CP_MTS: Estimating the matrix time series CP-factor model
In HDTSA: High Dimensional Time Series Analysis Tools

CP_MTS

R Documentation

Estimating the matrix time series CP-factor model

Description

CP_MTS() deals with the estimation of the CP-factor model for matrix time series:

{\bf{Y}}_t = {\bf A \bf X}_t{\bf B}' + {\boldsymbol{\epsilon}}_t,

where {\bf X}_t = {\rm diag}(x_{t,1},\ldots,x_{t,d}) is a d \times d unobservable diagonal matrix, {\boldsymbol{\epsilon}}_t is a p \times q matrix white noise, {\bf A} and {\bf B} are, respectively, p \times d and q \times d unknown constant matrices with their columns being unit vectors, and 1\leq d < \min(p,q) is an unknown integer. Let {\rm rank}(\mathbf{A}) = d_1 and {\rm rank}(\mathbf{B}) = d_2 with some unknown d_1,d_2\leq d. This function aims to estimate d, d_1, d_2 and the loading matrices {\bf A} and {\bf B} using the methods proposed in Chang et al. (2023) and Chang et al. (2024).

Usage

CP_MTS(
  Y,
  xi = NULL,
  Rank = NULL,
  lag.k = 20,
  lag.ktilde = 10,
  method = c("CP.Direct", "CP.Refined", "CP.Unified"),
  thresh1 = FALSE,
  thresh2 = FALSE,
  thresh3 = FALSE,
  delta1 = 2 * sqrt(log(dim(Y)[2] * dim(Y)[3])/dim(Y)[1]),
  delta2 = delta1,
  delta3 = delta1
)

Arguments

`Y`	An `n \times p \times q` array, where `n` is the number of observations of the `p \times q` matrix time series `\{{\bf Y}_t\}_{t=1}^n`.
`xi`	An `n \times 1` vector `\boldsymbol{\xi} = (\xi_1,\ldots, \xi_n)'`, where `\xi_t` represents a linear combination of `{\bf Y}_t`. If `xi = NULL` (the default), `\xi_{t}` is determined by the PCA method introduced in Section 5.1 of Chang et al. (2023).
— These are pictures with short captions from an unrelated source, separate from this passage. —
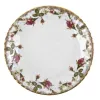Chodziez Talerz deserowy 18,5cm Iwona B013 Outlet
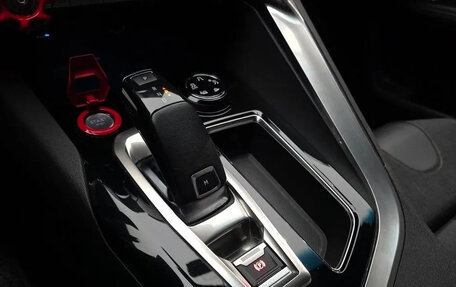 Peugeot 5008 II, 2021 год, 1 651 000 рублей, 8 фотография
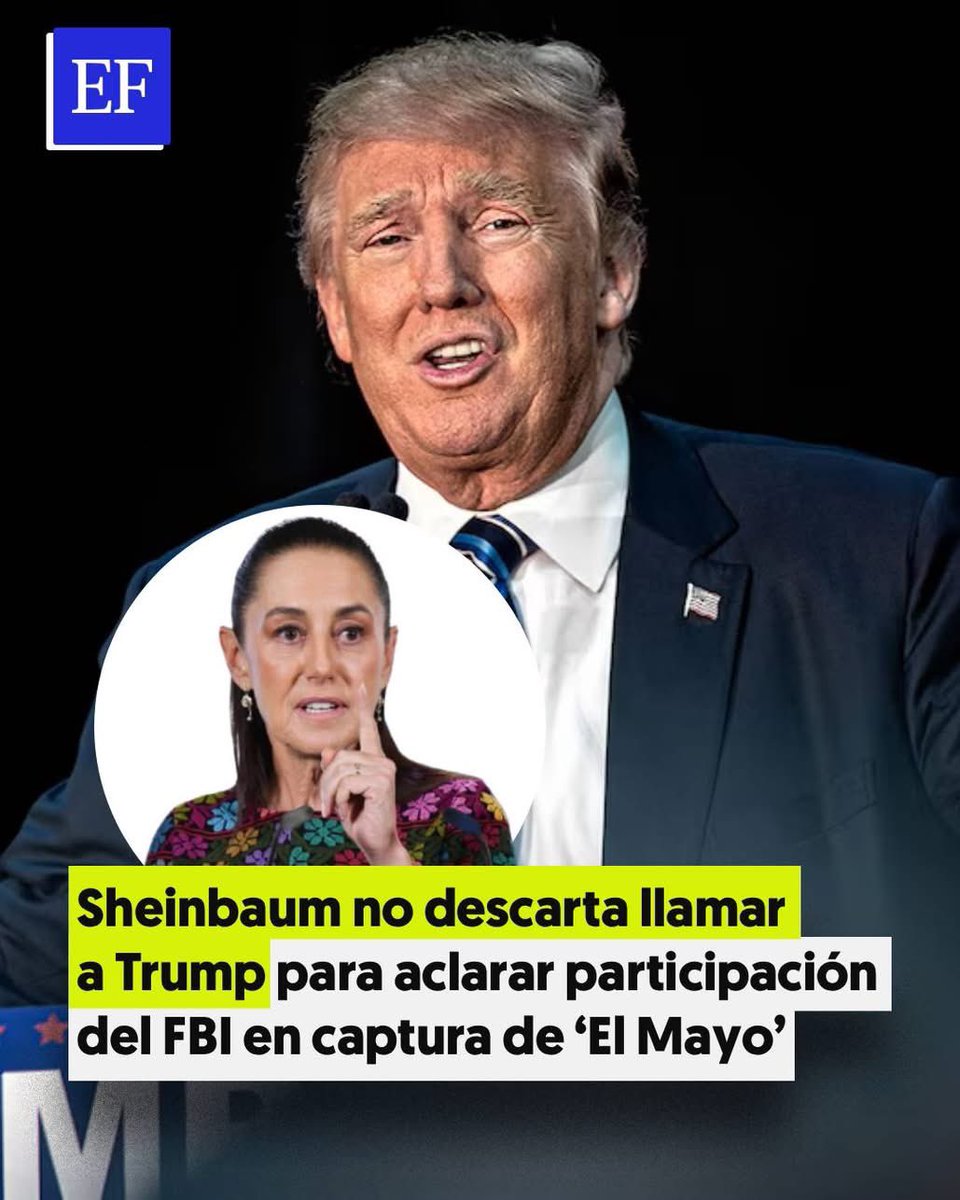 Edel_PV_Olan's tweet photo. #MientrasTanto 😂 Acompáñenme a ver una pinche maldita y triste historia 😂

Es una burla esta mujer https://t.co/hBfp4BGWfu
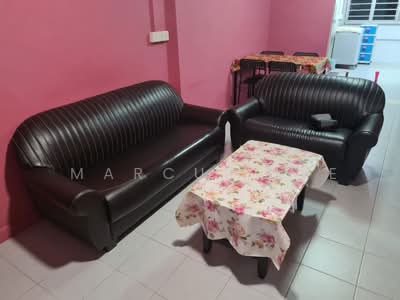 For Sale - 174 Boon Lay Drive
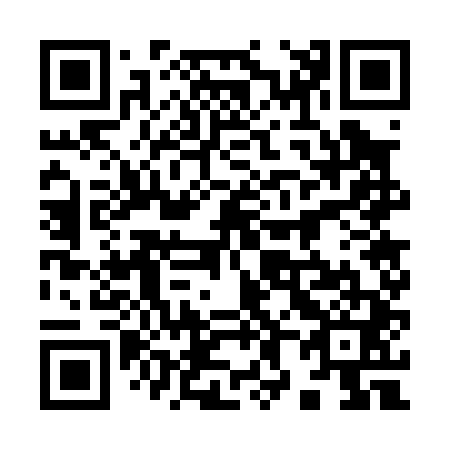 QR code for plate 9-87041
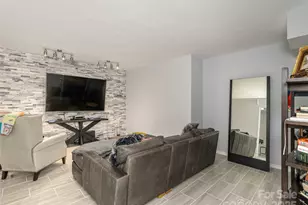 30 W Fairway Dr, Etowah, NC 28729 - Photo 37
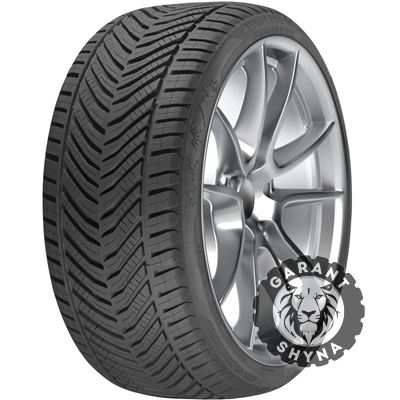 Tigar All Season 145/70 R13 71T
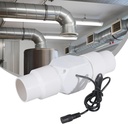 in-line-air-blower-12v-ventilation-blowe-2.jpg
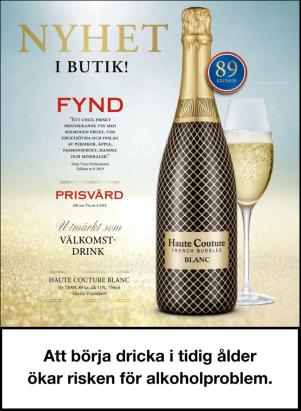 levaochbo-20190726_000_00_00_017.pdf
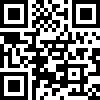 https://khabaronline.ir/xmzqg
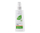Sprej hidratues për flokë LR health & beauty Aloe Vera 150 ml
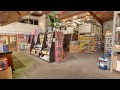 H & H Tool Service | Houston, TX | Hardware Store H & H Tool Service | Houston, TX | Hardware Store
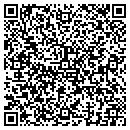 QR code with County Stamp Center contacts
Otherwise, `xi` can be given by the users.
`Rank`	A list containing the following components: `d` representing the number of columns of `{\bf A}` and `{\bf B}`, `d1` representing the rank of `{\bf A}`, and `d2` representing the rank of `{\bf B}`. If set to `NULL` (default), `d`, `d_1`, and `d_2` will be estimated. Otherwise, they can be given by the users.
`lag.k`	The time lag `K` used to calculate the nonnegative definite matrices `\hat{\mathbf{M}}_1` and `\hat{\mathbf{M}}_2` when `method = "CP.Refined"` or `method = "CP.Unified"`: `\hat{\mathbf{M}}_1\ =\ \sum_{k=1}^{K} \hat{\bf \Sigma}_{k} \hat{\bf \Sigma}_{k}'\ \ {\rm and} \ \ \hat{\mathbf{M}}_2\ =\ \sum_{k=1}^{K} \hat{\bf \Sigma}_{k}' \hat{\bf \Sigma}_{k}\,,` where `\hat{\bf \Sigma}_{k}` is an estimate of the cross-covariance between `{\bf Y}_t` and `\xi_t` at lag `k`. See 'Details'. The default is 20.
`lag.ktilde`	The time lag `\tilde K` involved in the unified estimation method [See (16) in Chang et al. (2024)], which is used when `method = "CP.Unified"`. The default is 10.
`method`	A string indicating which CP-decomposition method is used. Available options include: `"CP.Direct"` (the default) for the direct estimation method [See Section 3.1 of Chang et al. (2023)], `"CP.Refined"` for the refined estimation method [See Section 3.2 of Chang et al. (2023)], and `"CP.Unified"` for the unified estimation method [See Section 4 of Chang et al. (2024)]. The validity of methods `"CP.Direct"` and `"CP.Refined"` depends on the assumption `d_1=d_2=d`. When `d_1,d_2 \leq d`, the method `"CP.Unified"` can be applied. See Chang et al. (2024) for details.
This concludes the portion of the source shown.